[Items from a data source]
▼

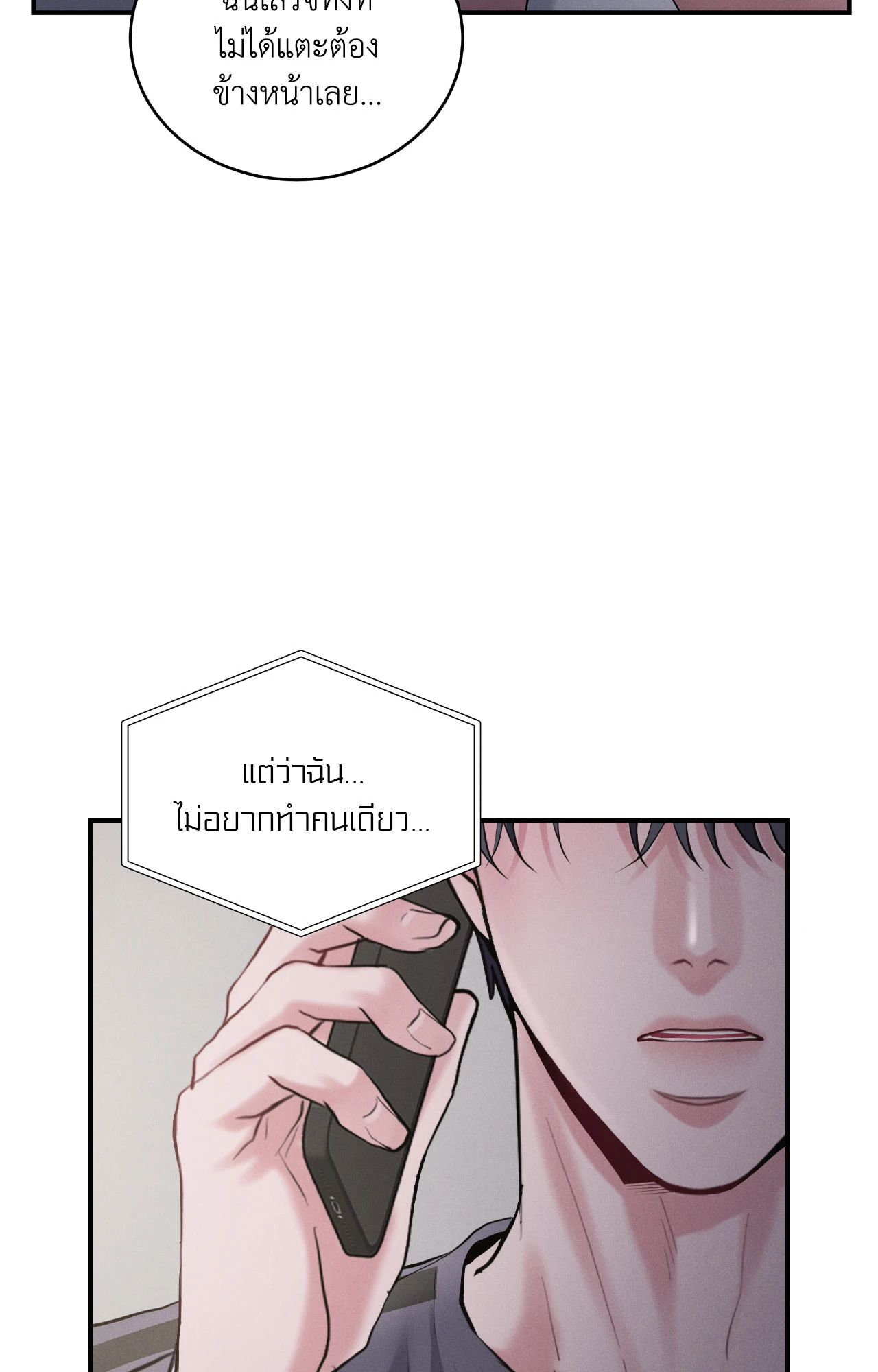 หน้า 76
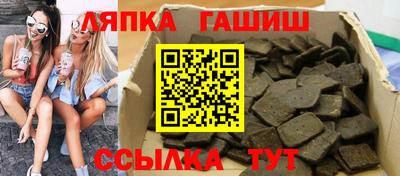 мефедрон Долгопрудный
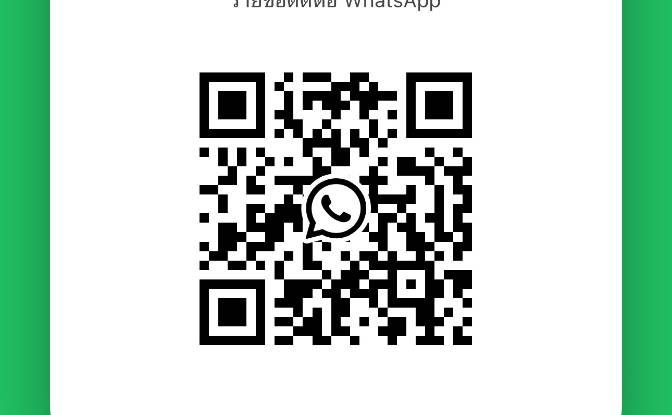 Townhouse for Sale 53 16 Soi Sukniran 5. Photo#25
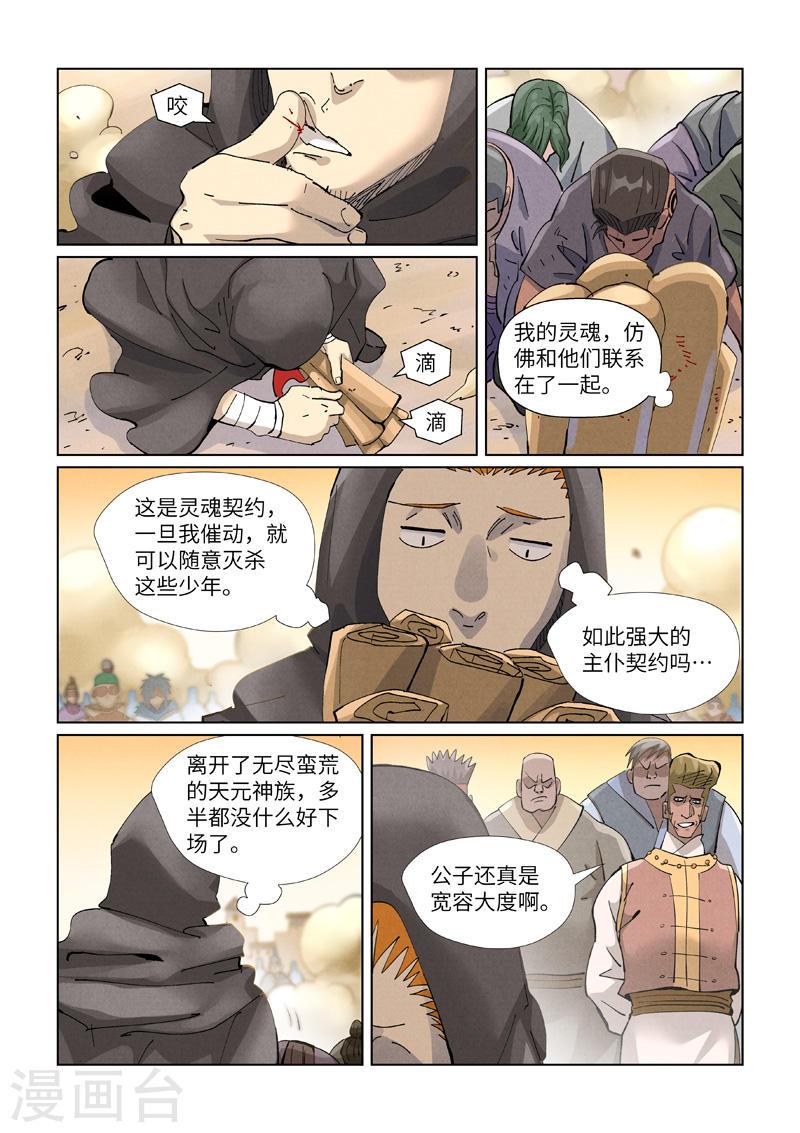 妖神记小说笔趣阁漫画,第417话2 谈生意9图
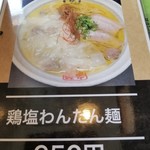 麺屋 丸宮 - 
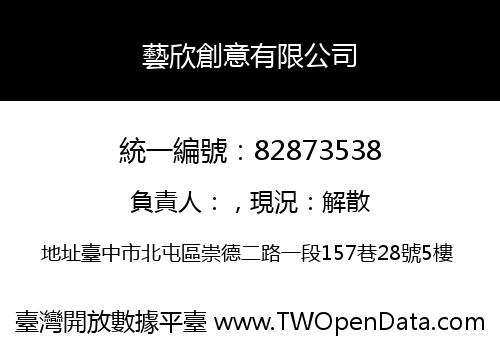 藝欣創意有限公司
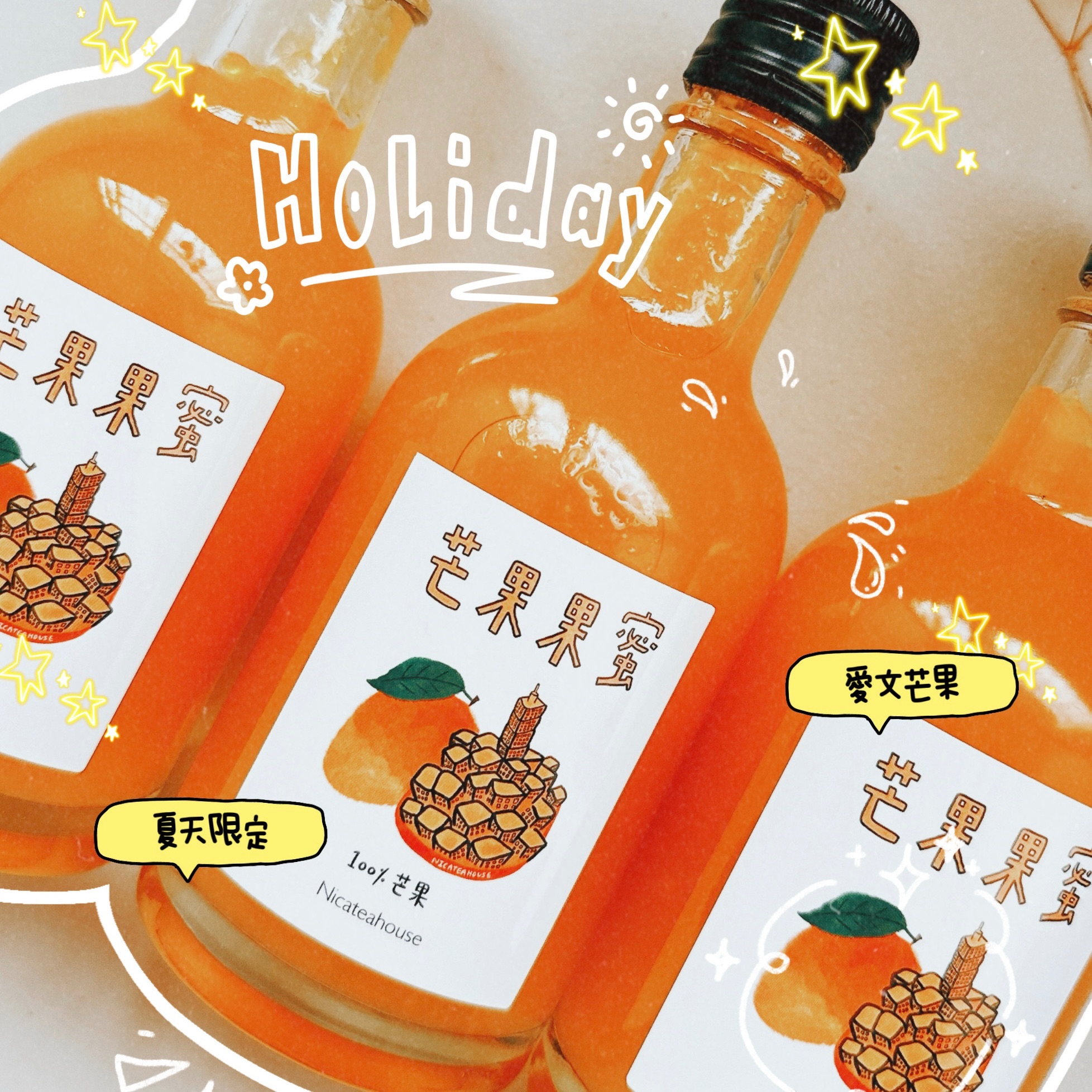 （限量）▪️手工熬制🍯：愛文芒果果蜜𝓜𝓪𝓷𝓰𝓸 𝓼𝔂𝓻𝓾𝓹（送果蜜帆布袋）愛文芒果果醬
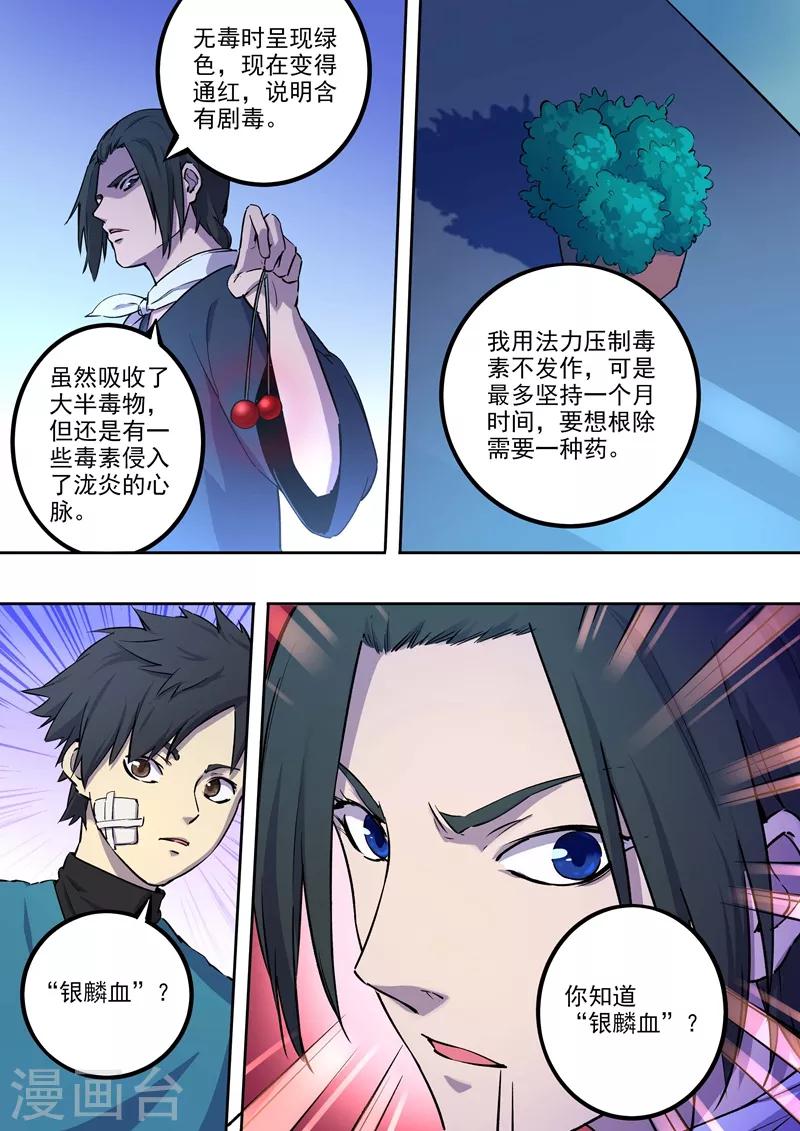 第59话 银麟血-第60话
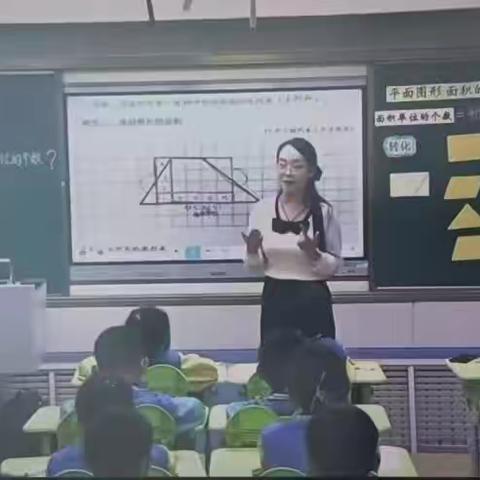 志愿服务 助力乡村教师成长——黄旗堡街道中心小学教研纪实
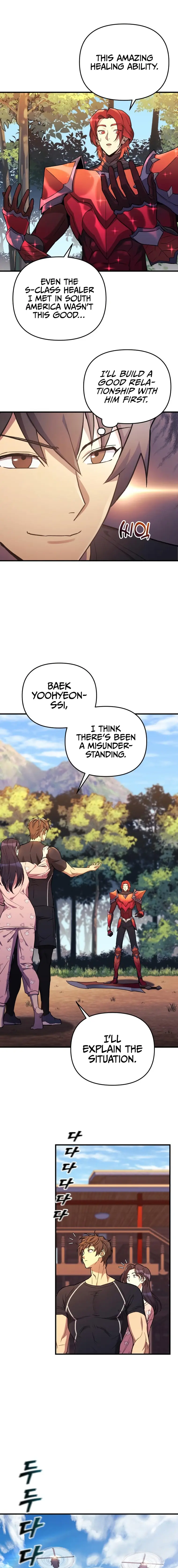 Page 17 of Chapter 42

▲

- **TASK DIRECTIONS**:
With the pictures left out, return each entry exactly as written.

- **ANSWER BOX**:
 หน้า 76
 мефедрон Долгопрудный
 Townhouse for Sale 53 16 Soi Sukniran 5. Photo#25
 妖神记小说笔趣阁漫画,第417话2 谈生意9图
 麺屋 丸宮 - 
 藝欣創意有限公司
 （限量）▪️手工熬制🍯：愛文芒果果蜜𝓜𝓪𝓷𝓰𝓸 𝓼𝔂𝓻𝓾𝓹（送果蜜帆布袋）愛文芒果果醬
 第59话 银麟血-第60话
 志愿服务 助力乡村教师成长——黄旗堡街道中心小学教研纪实
 Page 17 of Chapter 42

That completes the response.